I posted a few sneak-peek photos of the full bathroom (there’s also a smaller 3/4 bath—more on that in a future post) months ago, and since then, I’ve clocked a lot of hours working in there. It’s still not done-done, but it looks a helluva lot better than it did.

Vintage Bathroom Restoration - doorsixteen.com

The first things to go were the four sets of grab bars. Maybe someday I’ll need them, but not yet—so they’re now stored in the basement in case my landlord ever wants to reinstall them. (Somewhat horrifyingly, they hadn’t been mounted to studs! They were just screwed into plastic anchors. Yikes.) As you can see in first photo in this post, the walls were pretty messed up just from pulling those anchors out. A lot of the paint around the sink was lifting and peeling badly, too, so I did a bunch of scraping in preparation for patching and skim-coating.
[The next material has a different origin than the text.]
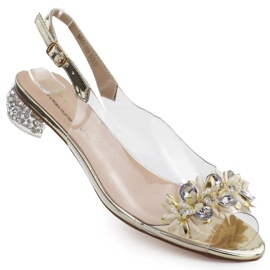 S.Barski Transparentne ženske visoke potpetice sa Złote S. Barski cirkoni zlatni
Vintage Bathroom Restoration - doorsixteen.com

According to the blueprints (which my landlord found inside the basement ceiling!), the tub surround walls were originally finished not with tile but with something called Keene’s cement. Keene’s cement (which is still available) is gypsum plaster with alum, and it dries to a super-hard finish that’s water-resistant. It’s not impenetrable, though, and if it gets damaged or isn’t properly maintained, it can fail. I’m assuming that’s what led to someone adding 4×4 tiling around the tub, and while I actually think that was probably the best choice tile-wise, they didn’t do the most professional job—note the lack of proper edging pieces, for example.

Side note: If you’re the curious type, I suggest reading the Wikipedia article about Richard Wynn Keene, better known as Dykwynkyn, the inventor of Keene’s cement. Fascinating stuff.
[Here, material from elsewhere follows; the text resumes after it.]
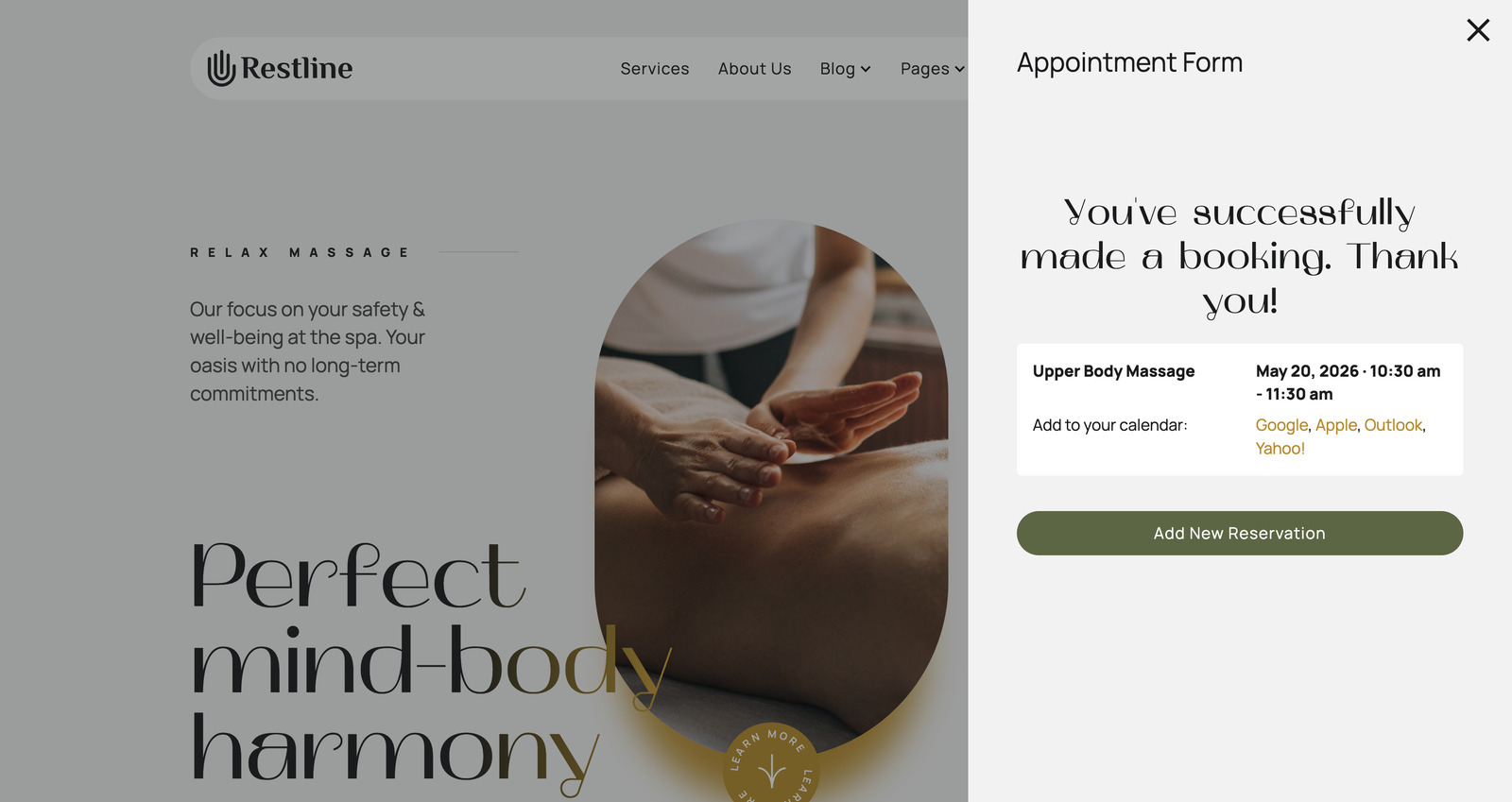 Screenshot of the confirmed booking step in the Restline wellness scheduling wordpress theme.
Aside from the cruddy tiles (and the peeling paint on the wall above the tiles), there’s a painted wood chair rail that runs around the perimeter of the whole bathroom, and it’s seen better days. If I owned this house, I’d most likely cut the wood out of the tub area and re-do the tile to full shower height. But I don’t, so my plan was to tune up the fixtures (which are original, with the exception of the handheld showerhead), regrout, recaulk, and of course scrape, patch, and seal up the walls as best as possible.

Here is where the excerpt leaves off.